Minimum Swaps to Sort by Digit Sum

What is this problem about?

The Minimum Swaps to Sort by Digit Sum problem gives you an array of integers. The target ordering is sorted by digit sum (sum of all digits of each number), with ties broken by the original value. You need to find the minimum number of swaps to transform the original array into this target sorted order. This Minimum Swaps to Sort by Digit Sum coding problem tests custom sorting combined with cycle detection for minimum swaps.

Why is this asked in interviews?

Google asks this to evaluate whether candidates can handle multi-key sorting (digit sum first, value second) and then efficiently compute minimum swaps using the cycle detection technique. The array, hash table, and sorting interview pattern is layered here, and the cycle detection insight separates candidates who know this classic graph-on-permutations technique.

Algorithmic pattern used

Custom sort + cycle detection. First, create the target sorted array (by digit sum, then value).
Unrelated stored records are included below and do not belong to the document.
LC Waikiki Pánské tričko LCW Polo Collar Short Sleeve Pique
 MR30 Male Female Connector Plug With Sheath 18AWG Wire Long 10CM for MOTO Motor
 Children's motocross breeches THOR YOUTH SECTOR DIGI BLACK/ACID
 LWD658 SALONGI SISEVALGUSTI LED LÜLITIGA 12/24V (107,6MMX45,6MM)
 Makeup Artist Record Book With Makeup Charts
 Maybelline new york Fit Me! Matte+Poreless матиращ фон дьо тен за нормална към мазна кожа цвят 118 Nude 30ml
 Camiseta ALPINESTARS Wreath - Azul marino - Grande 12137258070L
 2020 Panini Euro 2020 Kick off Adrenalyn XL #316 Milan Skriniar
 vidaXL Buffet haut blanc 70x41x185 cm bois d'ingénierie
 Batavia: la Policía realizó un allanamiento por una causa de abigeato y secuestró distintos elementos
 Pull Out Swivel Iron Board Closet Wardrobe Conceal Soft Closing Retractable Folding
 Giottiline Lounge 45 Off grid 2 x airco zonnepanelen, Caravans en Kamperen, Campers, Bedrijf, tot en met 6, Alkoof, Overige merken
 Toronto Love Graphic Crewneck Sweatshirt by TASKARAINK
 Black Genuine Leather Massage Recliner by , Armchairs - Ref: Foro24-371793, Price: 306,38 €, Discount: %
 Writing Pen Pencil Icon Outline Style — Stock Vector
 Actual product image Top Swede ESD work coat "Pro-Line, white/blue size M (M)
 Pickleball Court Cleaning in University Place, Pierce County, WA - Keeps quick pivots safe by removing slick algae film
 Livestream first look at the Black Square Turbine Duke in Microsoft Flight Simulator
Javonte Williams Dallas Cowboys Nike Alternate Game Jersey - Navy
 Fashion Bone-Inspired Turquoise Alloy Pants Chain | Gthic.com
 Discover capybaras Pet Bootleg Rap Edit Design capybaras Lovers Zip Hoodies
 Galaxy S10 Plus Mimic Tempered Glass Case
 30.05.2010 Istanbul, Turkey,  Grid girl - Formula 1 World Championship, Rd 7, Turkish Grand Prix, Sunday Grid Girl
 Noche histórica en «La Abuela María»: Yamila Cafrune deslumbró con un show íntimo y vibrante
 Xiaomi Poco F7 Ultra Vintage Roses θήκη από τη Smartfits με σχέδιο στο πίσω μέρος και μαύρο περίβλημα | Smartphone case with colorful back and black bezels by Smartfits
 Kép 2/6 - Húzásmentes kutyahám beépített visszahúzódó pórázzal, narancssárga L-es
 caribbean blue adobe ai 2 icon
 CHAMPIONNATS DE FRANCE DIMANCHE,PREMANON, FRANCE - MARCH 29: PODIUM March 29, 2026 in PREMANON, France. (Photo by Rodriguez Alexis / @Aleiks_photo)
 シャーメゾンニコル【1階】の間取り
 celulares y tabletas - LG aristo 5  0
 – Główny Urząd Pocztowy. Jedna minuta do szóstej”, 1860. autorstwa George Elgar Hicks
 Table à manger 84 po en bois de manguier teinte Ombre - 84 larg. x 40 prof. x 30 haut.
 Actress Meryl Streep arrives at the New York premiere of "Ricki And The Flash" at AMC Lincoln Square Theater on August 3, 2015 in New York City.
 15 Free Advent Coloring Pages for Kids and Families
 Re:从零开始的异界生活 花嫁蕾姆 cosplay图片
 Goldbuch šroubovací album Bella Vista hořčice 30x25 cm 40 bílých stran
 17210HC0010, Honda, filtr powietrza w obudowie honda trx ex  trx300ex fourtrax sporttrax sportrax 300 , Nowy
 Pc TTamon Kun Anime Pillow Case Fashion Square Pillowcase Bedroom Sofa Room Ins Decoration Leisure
Map each element's target position using a hash map. Then treat the permutation — current positions to target positions — as a directed graph. Each connected component (cycle) of length L requires L - 1 swaps to resolve. Sum up (cycle length - 1) across all cycles for the total minimum swaps.

Example explanation

Array: [21, 12, 3]. Digit sums: 21→3, 12→3, 3→3. Tie-break by value: sorted = [3, 12, 21]. Current: [21, 12, 3] → Target: [3, 12, 21].

  • 21 is at index 0, should go to index 2.
  • 12 is at index 1, already at index 1 (stays).
  • 3 is at index 2, should go to index 0. Cycle: 0 → 2 → 0 (length 2). Swaps = 2-1 = 1.

Common mistakes candidates make

  • Using bubble sort or selection sort simulation instead of cycle detection (O(n²) vs O(n)).
  • Not handling duplicate digit sums correctly when determining target positions.
  • Misidentifying cycle lengths when elements map to themselves (cycle length 1 = 0 swaps).
  • Using a hash map incorrectly when duplicate elements exist.

Interview preparation tip

"Minimum swaps to sort" problems almost universally use cycle detection on the permutation graph. Internalize this pattern: build a graph where each node points to where its element needs to go, find all cycles, and sum (cycle_length - 1). The tricky part is always in building the correct target permutation — make sure your custom comparator handles ties correctly. Practice this technique across different sorting keys (digit sum, character count, parity) to build fluency.